Una famiglia” comincia in medias res senza raccontarci i dettagli del contesto sociale in cui vivono Maria e Vincent ed elaborando alcune sensazioni intorno ad una coppia che non riesce a trovare sintonia sulla possibilità di avere un figlio. Una perdita gravissima sembra affliggere Maria, sin dal primo momento in cui li vediamo stanchi e abbracciati su un vagone della metropolitana. I suoi tentativi di stabilire un contatto con l’esterno vengono impediti da Vincent e persino la possibilità di ricorrere a metodi contraccettivi è una scelta complessa da affrontare in gran segreto.

Maria è prigioniera, le è impedito di uscire, di prendere contatti con l’esterno, di spendere denaro, di vivere una vita piena, di scegliere una via sicura e condivisa per la sua maternità.
Quello che Sebastiano Riso mette in scena non è semplicemente l’incubo di un non amore, quanto la dipendenza come unico motore affettivo che coinvolge tutti quanti, nessuno escluso.

Il dramma famigliare comincia ad occupare i confini di uno più vasto e di proporzioni sociali. Vincent vive vendendo i figli sgravati da Maria, contenitore da riempire e svuotare che consente alla loro economia di non subire una battuta d’arresto.

Quando comprendiamo le proprorzioni del dramma affrontato da Maria, le persone che determinano la sua vita, tra i clienti del suo utero e i faccendieri con cui Vincent organizza il traffico, si manifestano come parte di un meccanismo che individua nell’abuso l’unica possibilità di sopravvivenza, economica ed emotiva.

Sebastiano Riso si inventa un incubo notturno esplicitamente feroce, basandosi su alcuni fatti di cronaca e sulle ricerche condotte intorno al traffico dei bambini, grazie alla consulenza del procuratore Raffaella Capasso.
Al di là dello sfondo sociale, le intenzioni di Riso sembrano quelle di mantenere una “giusta” distanza dai suoi personaggi, senza rischiare lo sguardo morale.

Ma è proprio questa paura tipica di certo cinema italiano a non consentirgli di spingersi oltre la superficie didascalica, a tratti grossolanamente sollecitata, come nell’episodio che coinvolge i due omosessuali colti e benestanti con il desiderio di maternità.

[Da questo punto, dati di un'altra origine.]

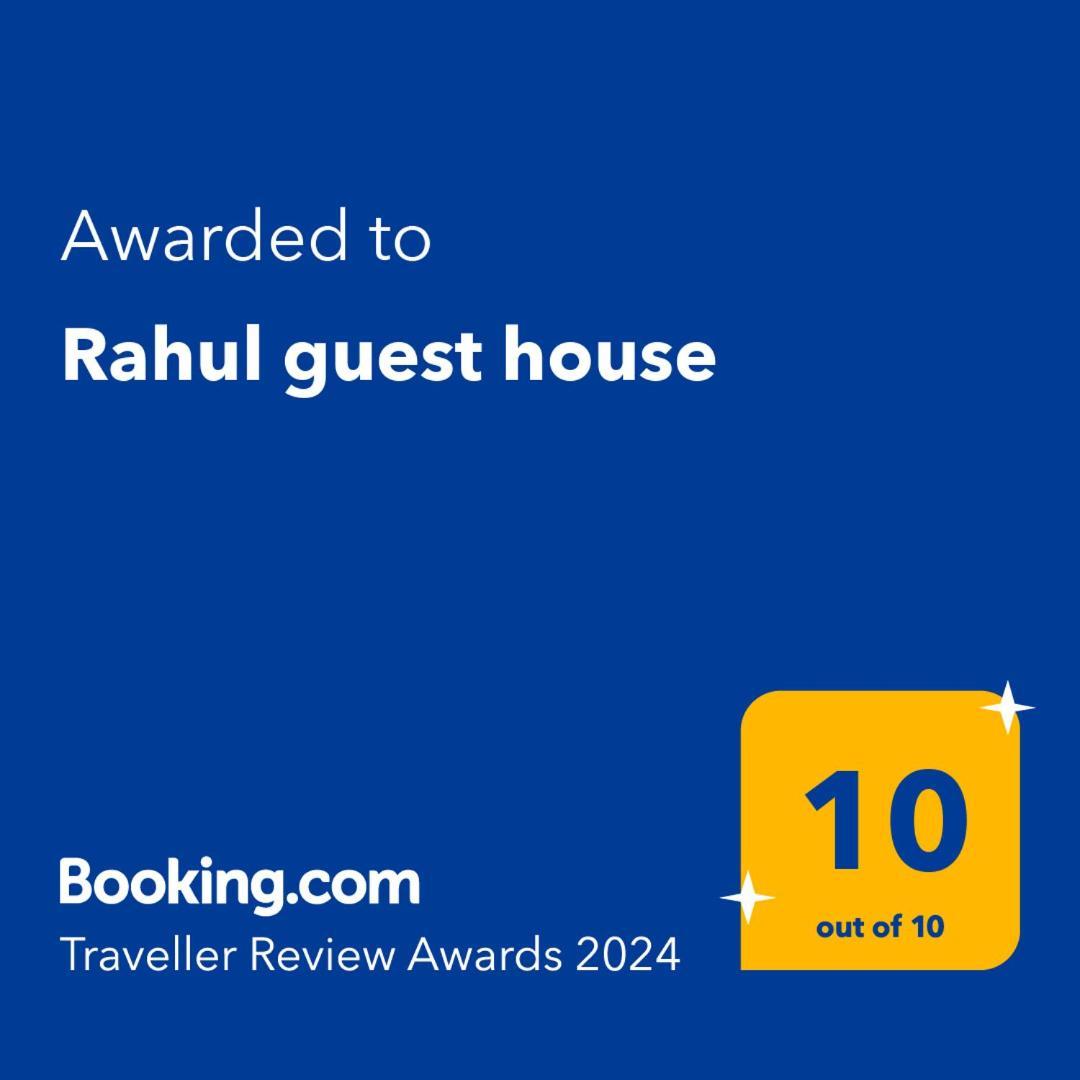 Rahul'S Castle Guest House 비사카파트남 외부 사진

Allo stesso tempo, il lungo piano sequenza che vorrebbe contestualizzare la periferia che  include le vite di Vincent e Maria come se fosse un ventre, quasi come nel primo Scimeca, quello de “La Donzelletta”, si arena entro una simmetria troppo descrittiva, incapace di liberare lo sguardo oltre la calligrafia e la forma.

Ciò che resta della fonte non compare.